Michael Reeves and Witchfinder General

MichaelReeves

 

FADE IN

EXT. SUFFOLK GARDEN, SUMMER’S DAY, 1958

Michael Reeves. Home from school for the long summer holiday.

   NARRATOR (V.O.)

Languid days in the garden and cigarettes behind the shed. Then writing long into the night, scripts meticulously formatted with pencil and ruler: character, action, dialogue, transition. Stories of conflict and movement, travelling through landscapes, real and imagined. Suffolk was his canvas, a landscape which could be imagined as anywhere.

FLASH CUT – – RURAL SUFFOLK (STOCK, INCLUDING KENTWELL HALL AND ORFORD CASTLE)

DISSOLVE TO

EXT. RADLEY COLLEGE. DUSK

Michael slips out by side entrance and heads towards town.

EXT. CINEMA. NIGHT

CUT TO

Poster for Invasion of the Body Snatchers

   NARRATOR (V.O.)

Michael goes to see the film three times in one week trying to work out how Don Siegel achieves those tracking shots with such effortlessness and fluidity.

CUT TO

EXT. GARDEN AGAIN, SUMMER’S DAY

Michael directs and films another boy and a girl

   NARRATOR (V.O.)

He practices the technique, using his mother’s tea trolley as a dolly, camera lashed to the front and him clinging to the back with his knees. Ian does the pushing; handsome, stupid, good-natured Ian: the perfect ingénue.

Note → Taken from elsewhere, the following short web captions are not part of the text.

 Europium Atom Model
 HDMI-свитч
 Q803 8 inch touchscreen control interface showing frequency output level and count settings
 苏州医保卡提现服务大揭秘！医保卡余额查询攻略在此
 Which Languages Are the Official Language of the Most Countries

Fifteen years old and he films his first feature. A girl is being stalked and he casts Ian as the villain. Michael plays the hero; both friends playing against type. His infatuation is not so much about what appears on the screen, that’s just another end-product. The excitement is in the process of creation. To yearn after a project, thinking about it all the time, then to seduce it, moulding it to one’s will, and finally to bring it to a climax using all the skills you’ve culled from watching the work of others.

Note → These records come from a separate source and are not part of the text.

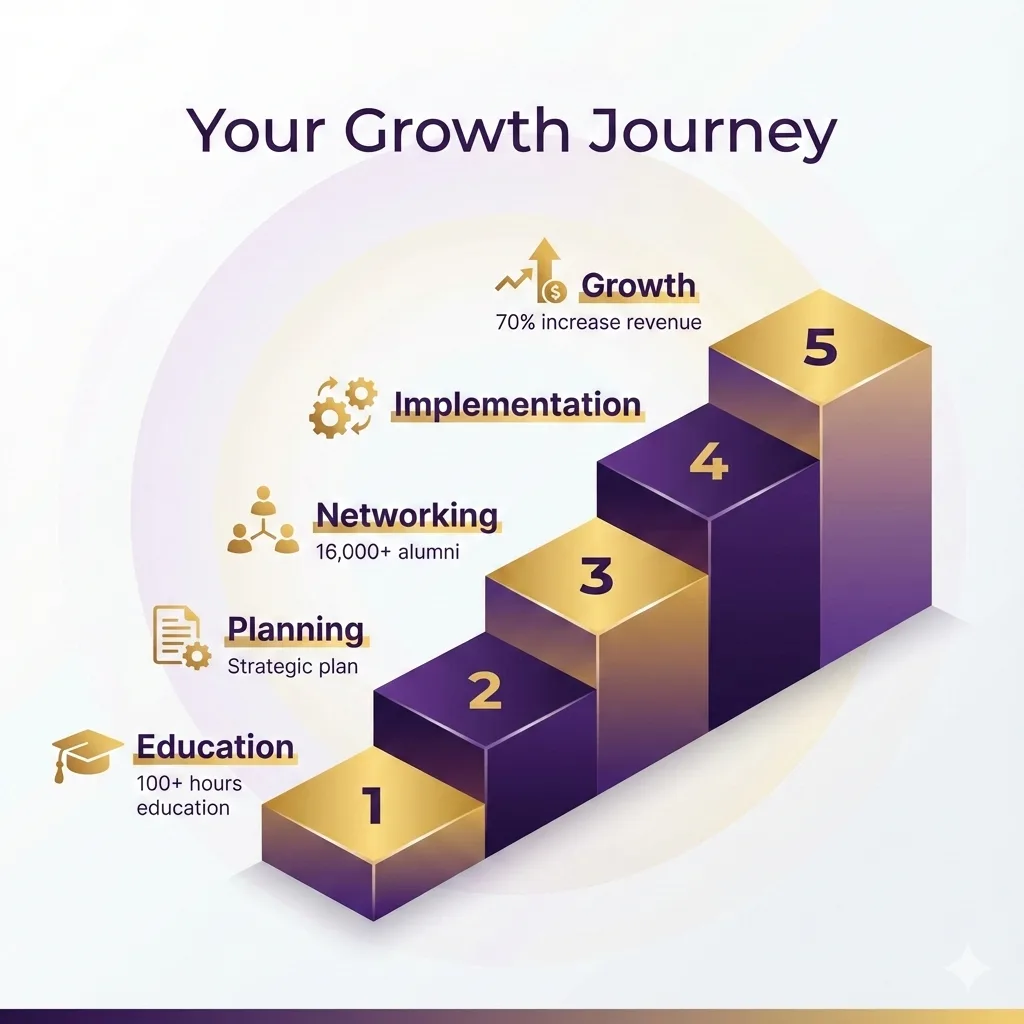 With 10,000 Small Businesses program transform your business with 100 hours of practical education from top faculty. Zero cost. Apply now!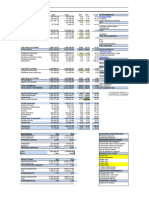 Ejercicio Analisis Financiero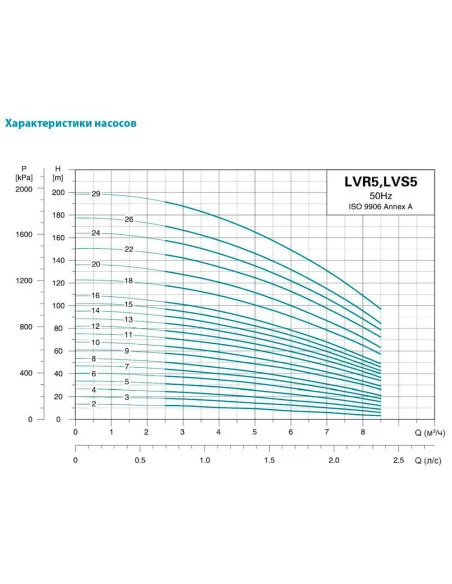 Многоступенчатый вертикальный насос Leo 3.0 LVR3-19 (7710753) 1,5 кВт, 380В, напор 119 м, нержавеющая сталь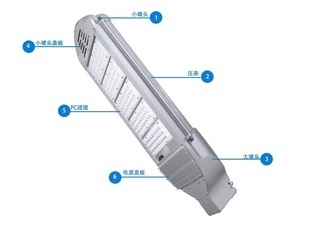 LED路燈外殼 專(zhuān)業(yè)批發(fā)與廠家直銷(xiāo)解決方案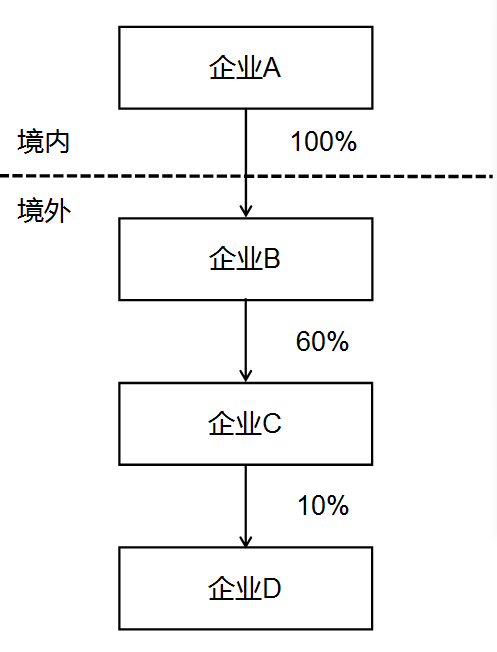 示例3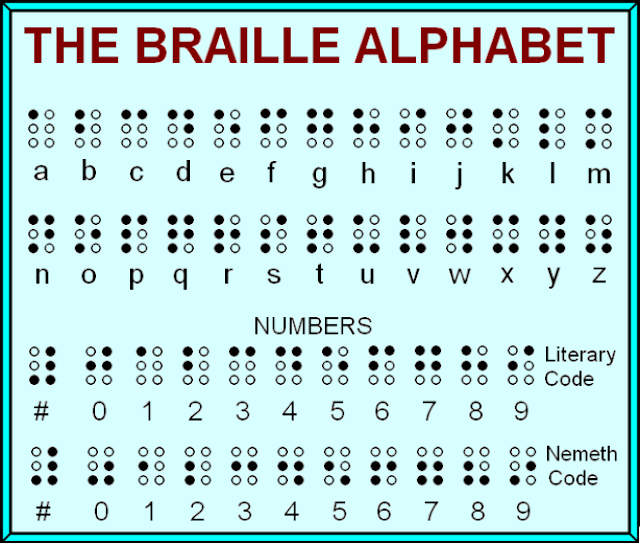 Redefining The Face Of Beauty WORLD BRAILLE DAY About Redefining The Face Of Beauty WORLD BRAILLE DAY About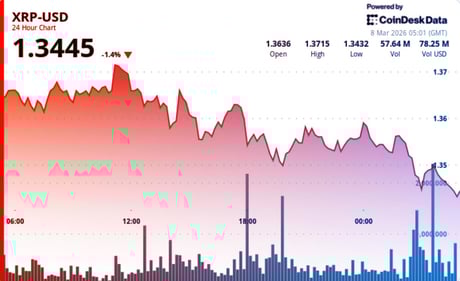 Az XRP az 1,35 dolláron billeg: kitörés jön, vagy lefordul?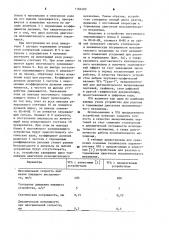 Устройство для разгона и торможения двигателя исполнительного механизма (патент 1182489)
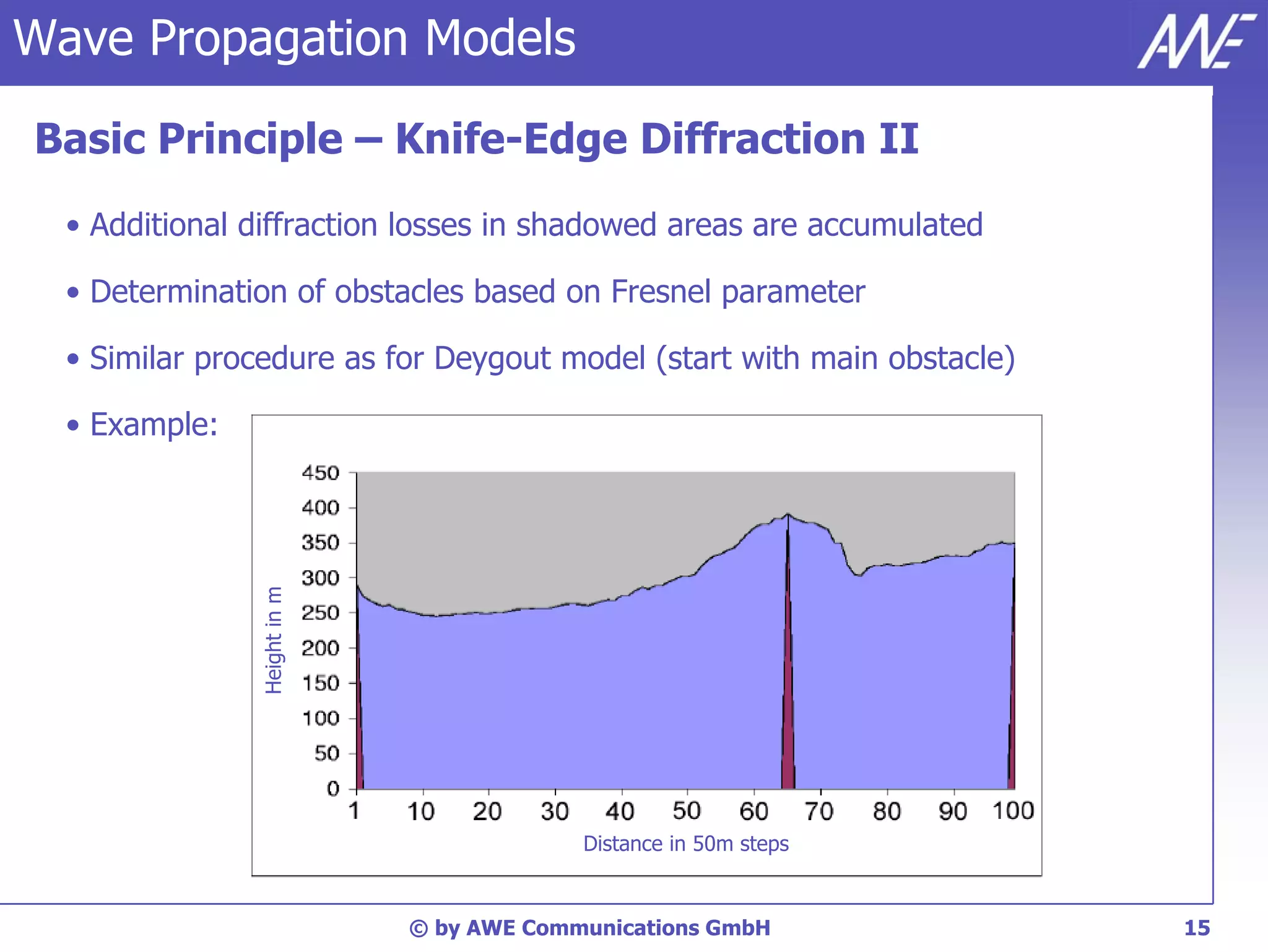 Wave Propagation Models

Basic Principle – Knife-Edge Diffraction II
  • Additional diffraction losses in shadowed areas are accumulated

  • Determination of obstacles based on Fresnel parameter

  • Similar procedure as for Deygout model (start with main obstacle)

  • Example:
               Height in m




                                          Distance in 50m steps


                             © by AWE Communications GmbH               15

EXT. 1960S JETLINER LANDING (STOCK)

CUT TO

EXT. LOS ANGELES. DAY(STOCK)

DISSOLVE TO

EXT. FRONT DOOR OF HOLLYWOOD HOUSE

Michael rings the doorbell

TRACKING SHOT ALL ROUND MICHAEL AND BACK TO DOOR

   NARRATOR (V.O.)

It was a crazy idea, going to the States aged just seventeen, with a battered brown holdall and a steely ambition. Even crazier to ring Don Siegel’s front doorbell.

   MICHAEL

You don’t know me Mr Siegel but I’ve come all the way from England because I’m your biggest fan. I’m talented and I want a job making films. You won’t regret saying yes, I promise you.

   NARRATOR (V.O.)

But something about the kid convinces Don into saying yes, scares him into saying yes, and Michael, all confidence and swagger, is pitched into the role of production assistant. He works first on The Long Ships and then on Castle of the Living Dead.

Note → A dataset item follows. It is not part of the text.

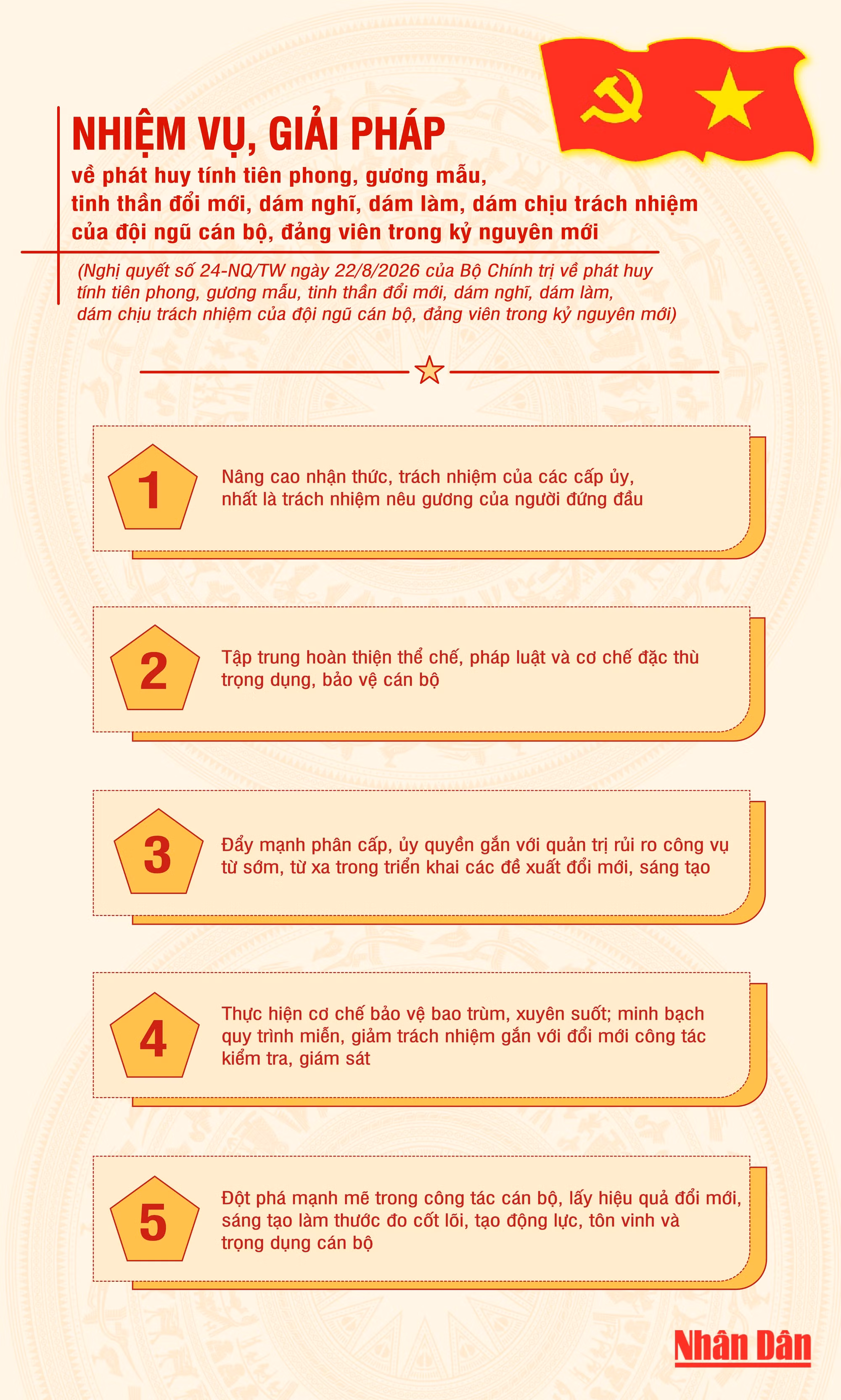 8-9-nq-24-giai-phap-can-bo.jpg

FOOTAGE FROM BOTH FILMS BEHIND VOICE OVER

   NARRATOR (V.O.)

Behind the youthful bravado Michael begins to show real talent. He impresses producer Paul Maslansky so much that he is given the director’s chair for a B-movie being shot in Italy, Revenge of the Blood Beast. Naturally, he finds a role in the film for Ian. Ian features again in Michael’s next project, a film called The Sorcerers produced back in England.

FOOTAGE FROM REVENGE OF THE BLOOD BEAST BEHIND VOICE OVER

   NARRATOR (V.O.)

But Michael’s big coup is the chance to direct a major Hollywood star, albeit one in the twilight of his career. Boris Karloff plays a scientist who devises a way to control the mind and actions of others and thereby is enabled vicariously to enjoy the illicit thrills of swinging London. The parallels with 1960s cinema – voyeuristically enjoying the delights of the permissive society – are obvious. Naturally, Ian is Karloff’s unfortunate puppet in the film.

FOOTAGE FROM THE SORCERORS – – BORIS KARLOFF AND IAN OGILVY

   NARRATOR (V.O.)

But it was another horror film which established Michael Reeves’s reputation as a truly creative director. Witchfinder General is set at the time of the English Civil War but, in its narrative format, more closely resembles a western; a tale of violent crime, pursuit and equally violent revenge.

Vincent Price plays Matthew Hopkins, a ‘witch-finder’ given licence by Cromwell’s authorities to roam East Anglia with his henchman, John Stearne, searching for witches. Their reign of terror involves torture, sexual assault and murder, all for Hopkins’s gratification and financial gain.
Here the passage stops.